## Records for processing
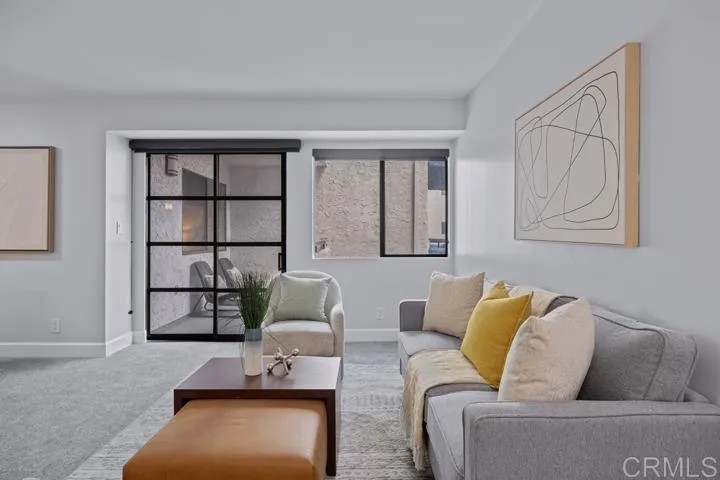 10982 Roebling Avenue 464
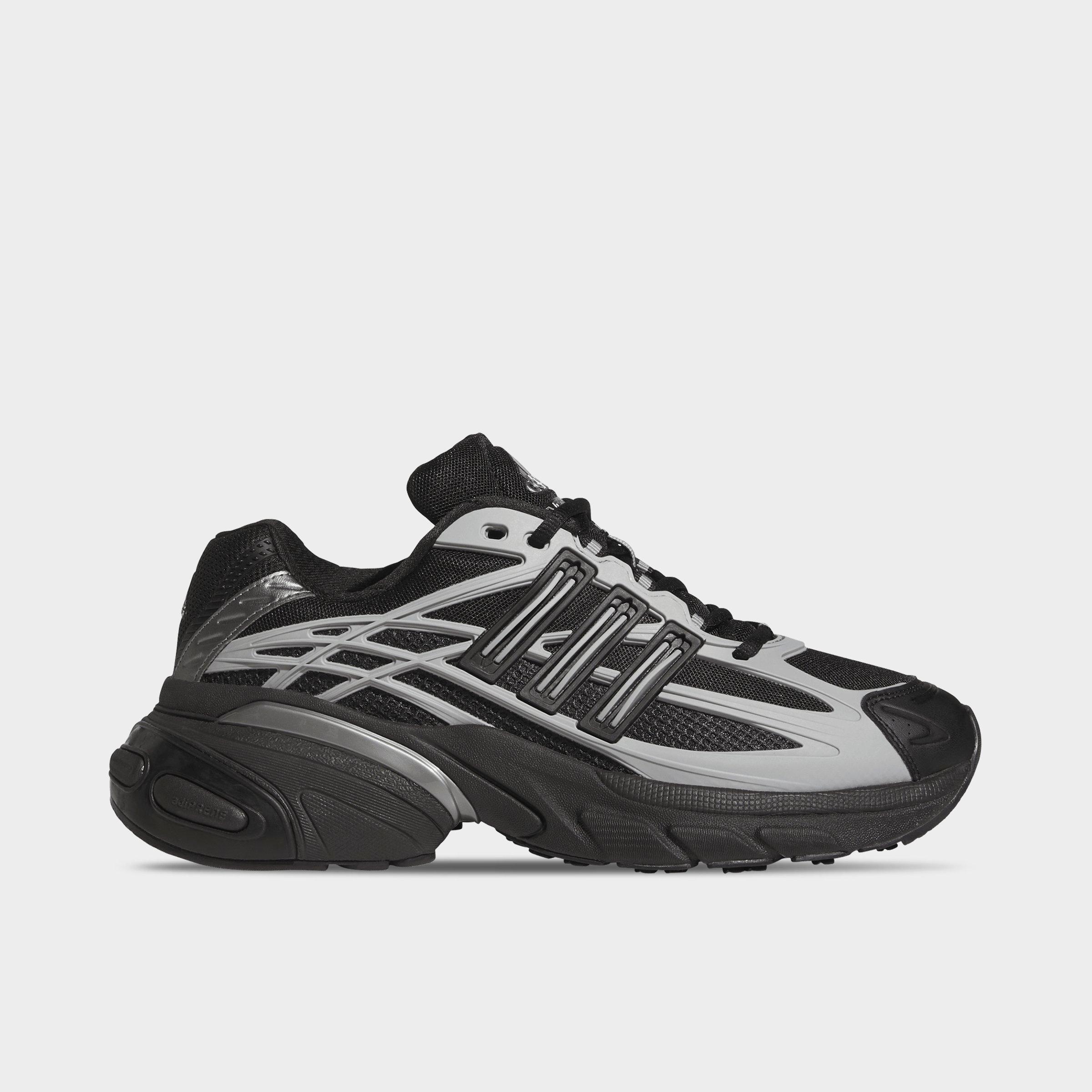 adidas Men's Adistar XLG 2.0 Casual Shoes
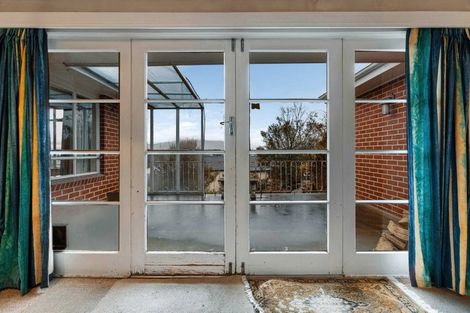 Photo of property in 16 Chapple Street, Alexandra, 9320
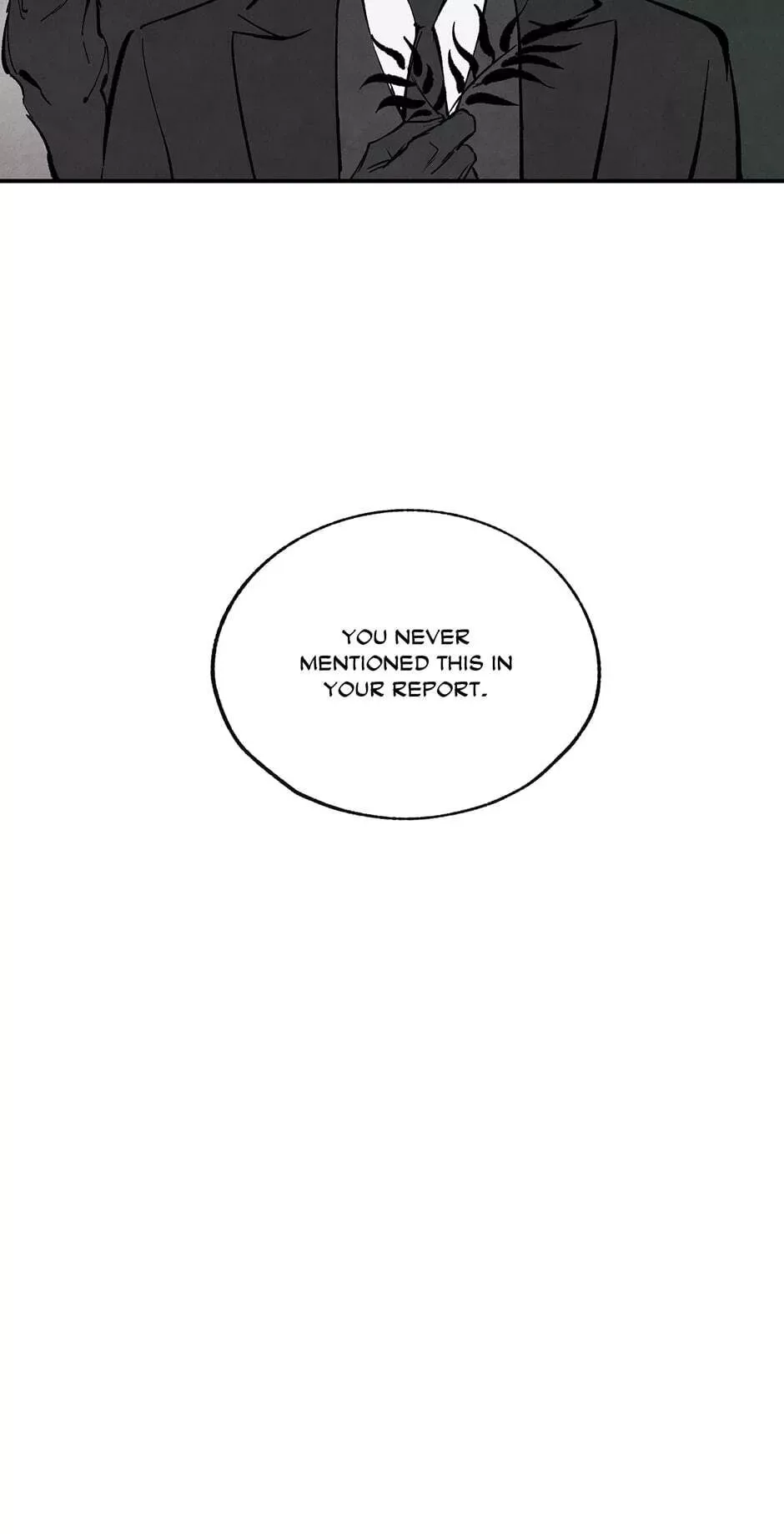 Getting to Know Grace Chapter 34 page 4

* * *

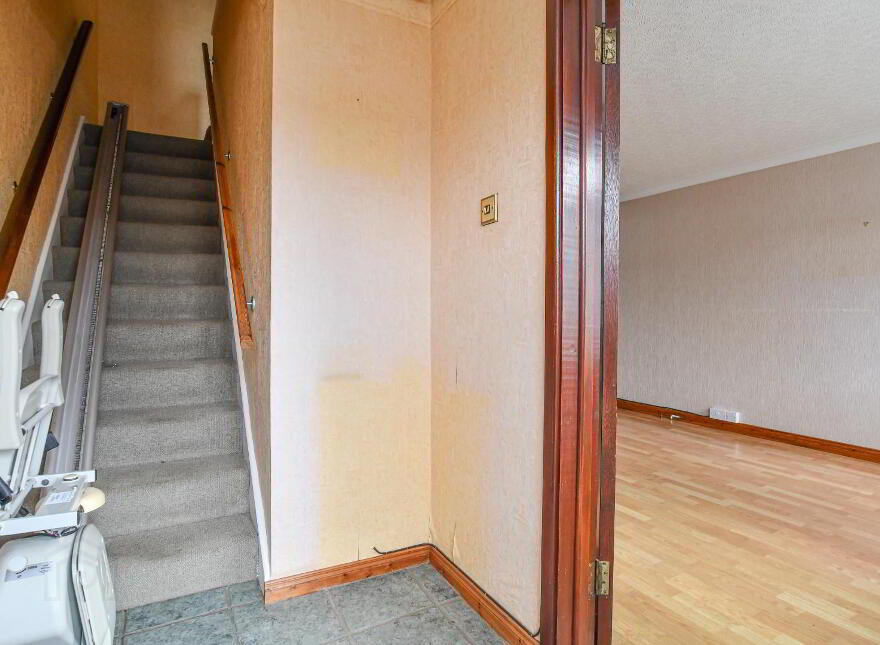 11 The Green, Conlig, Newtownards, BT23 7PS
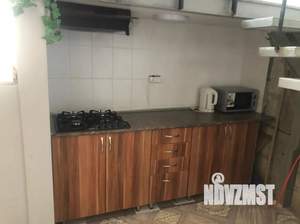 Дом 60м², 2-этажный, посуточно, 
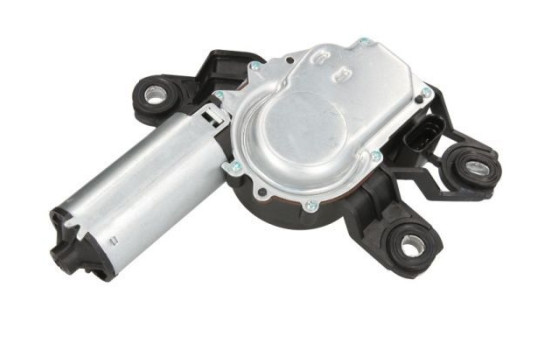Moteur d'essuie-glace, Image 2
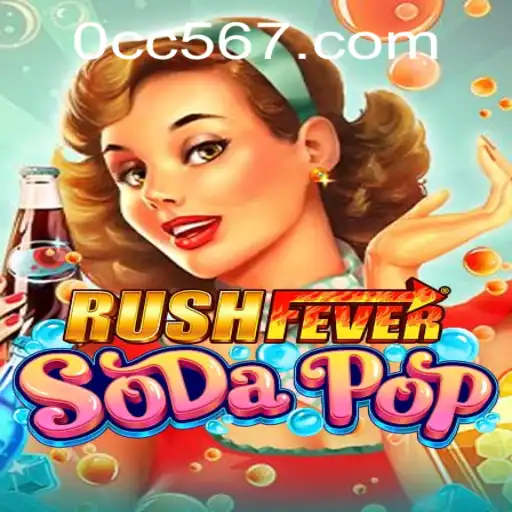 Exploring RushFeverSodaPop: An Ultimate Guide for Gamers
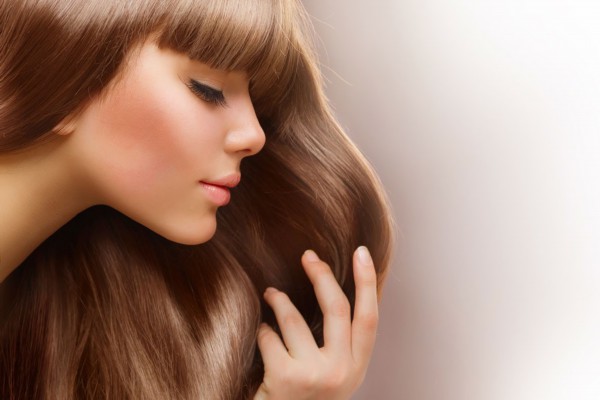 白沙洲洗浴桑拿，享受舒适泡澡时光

## Work to complete
Repeat, word for word, the lines of the material above from the one holding "Photo of property" through the one holding "Getting to Know Grace Chapter 34 page 4". Leave out pictures.

## Finished exercise
 Photo of property in 16 Chapple Street, Alexandra, 9320
 Getting to Know Grace Chapter 34 page 4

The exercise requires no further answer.